Economic Daily:
In the first three quarters, investment in manufacturing witnessed a 2.5% increase year-on-year, which shows the slowdown continued in general. Does that mean the real economy is facing some difficulties? Is there any room for future investment growth?
Mao shengyong:
Thanks for your question. It's a common concern. The development of investment in the first three quarters has the following characteristics. First, investment growth was generally stable. From January to September, the growth rate of fixed-asset investment (excluding rural households) reached 5.4%, or 0.1 percentage point slower than the rate from January to August, but unchanged from the same period of last year. As the investment scale is continuously expanding, the growth rate has faced a slowdown in recent years, but still remains generally stable. Second, the investment structure continued to be optimized. From January to September, investment in the tertiary industry grew at a fast rate of 7.2%. Meanwhile, investment in high-tech industries and social sectors grew at a rate of 13% or above, which is beneficial for us to shore up areas of weakness and make development more sustainable. Third, the growth rate of investment in manufacturing, including private investment, has slowed, which shows the real economy is currently facing some difficulties. We will intensify efforts to implement the central government's policies, further improve the business environment, strengthen the protection of intellectual property rights and advance financing support, so as to boost the real economy and development of private and medium- and small-sized enterprises.

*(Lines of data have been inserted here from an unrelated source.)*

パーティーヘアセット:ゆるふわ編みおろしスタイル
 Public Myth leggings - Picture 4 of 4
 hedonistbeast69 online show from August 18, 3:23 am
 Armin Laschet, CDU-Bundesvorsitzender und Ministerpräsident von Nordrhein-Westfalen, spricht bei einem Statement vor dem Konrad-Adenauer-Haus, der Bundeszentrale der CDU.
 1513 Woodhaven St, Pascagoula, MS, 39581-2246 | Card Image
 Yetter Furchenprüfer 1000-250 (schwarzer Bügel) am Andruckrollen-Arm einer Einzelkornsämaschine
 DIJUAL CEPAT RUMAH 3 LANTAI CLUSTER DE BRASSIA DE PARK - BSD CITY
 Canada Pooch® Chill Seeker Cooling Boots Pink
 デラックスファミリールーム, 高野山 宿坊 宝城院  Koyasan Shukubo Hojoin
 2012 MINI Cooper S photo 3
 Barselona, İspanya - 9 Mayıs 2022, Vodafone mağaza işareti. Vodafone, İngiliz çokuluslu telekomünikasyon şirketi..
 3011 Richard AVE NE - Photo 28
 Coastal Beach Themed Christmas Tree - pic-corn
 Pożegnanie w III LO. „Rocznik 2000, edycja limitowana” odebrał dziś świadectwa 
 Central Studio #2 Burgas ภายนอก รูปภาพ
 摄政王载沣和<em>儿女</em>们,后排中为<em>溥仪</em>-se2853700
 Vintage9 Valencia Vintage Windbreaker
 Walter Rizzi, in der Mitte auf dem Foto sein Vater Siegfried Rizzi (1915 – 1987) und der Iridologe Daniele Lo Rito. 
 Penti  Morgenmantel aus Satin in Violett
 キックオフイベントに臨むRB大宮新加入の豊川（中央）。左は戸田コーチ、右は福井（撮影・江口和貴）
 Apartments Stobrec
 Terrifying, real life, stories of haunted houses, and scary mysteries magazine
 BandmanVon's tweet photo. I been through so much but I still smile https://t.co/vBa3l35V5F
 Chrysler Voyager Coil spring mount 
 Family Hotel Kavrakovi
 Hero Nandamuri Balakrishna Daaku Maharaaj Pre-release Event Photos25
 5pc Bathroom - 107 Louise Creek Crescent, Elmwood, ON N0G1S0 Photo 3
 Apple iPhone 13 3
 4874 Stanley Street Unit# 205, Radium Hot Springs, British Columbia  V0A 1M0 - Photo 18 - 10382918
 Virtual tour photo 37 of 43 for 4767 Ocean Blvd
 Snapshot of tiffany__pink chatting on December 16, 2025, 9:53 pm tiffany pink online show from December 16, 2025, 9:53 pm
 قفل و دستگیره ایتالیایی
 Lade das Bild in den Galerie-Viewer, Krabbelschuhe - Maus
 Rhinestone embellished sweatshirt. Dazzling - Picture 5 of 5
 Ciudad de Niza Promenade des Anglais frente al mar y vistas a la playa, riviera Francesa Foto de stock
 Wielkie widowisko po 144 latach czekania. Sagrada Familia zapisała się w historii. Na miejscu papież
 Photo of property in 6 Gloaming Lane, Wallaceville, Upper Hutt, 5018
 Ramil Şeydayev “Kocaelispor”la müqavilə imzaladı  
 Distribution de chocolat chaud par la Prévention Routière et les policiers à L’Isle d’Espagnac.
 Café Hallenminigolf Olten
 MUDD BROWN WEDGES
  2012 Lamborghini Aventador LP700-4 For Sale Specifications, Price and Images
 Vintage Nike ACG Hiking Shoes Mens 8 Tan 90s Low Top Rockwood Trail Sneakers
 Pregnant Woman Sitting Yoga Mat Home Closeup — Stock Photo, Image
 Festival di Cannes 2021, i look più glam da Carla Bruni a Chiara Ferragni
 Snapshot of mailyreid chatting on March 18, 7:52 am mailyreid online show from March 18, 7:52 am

For your second question, I believe there is great potential for future investment growth. In economics, consumption equals final demand, which needs supply; supply calls for investment, which is also called "derived demand". Thus, investment is linked to demand on one side, and to supply on the other. We cannot simply see investment as consumption, because it is not only an important variable of consumption, but also an important part of supply. For example, when we increase investment in infrastructure and public services, it concerns not only investment increase, but expansion of consumption and improvement of people's living standards. When a company expands investment in reproduction, it can increase supply capacity and improve the supply level. If enterprises increase investment in equipment renewal and technology transformation, it can improve the quality and level of the supply system, and drive technological progress. From this perspective, to increase effective investment can not only expand demand, but also improve the level and quality of supply, optimize the supply structure, promote technological progress and boost transformation and upgrading. Therefore, whether it is from the demand or supply perspective, there is great potential and large room for expansion of domestic investment.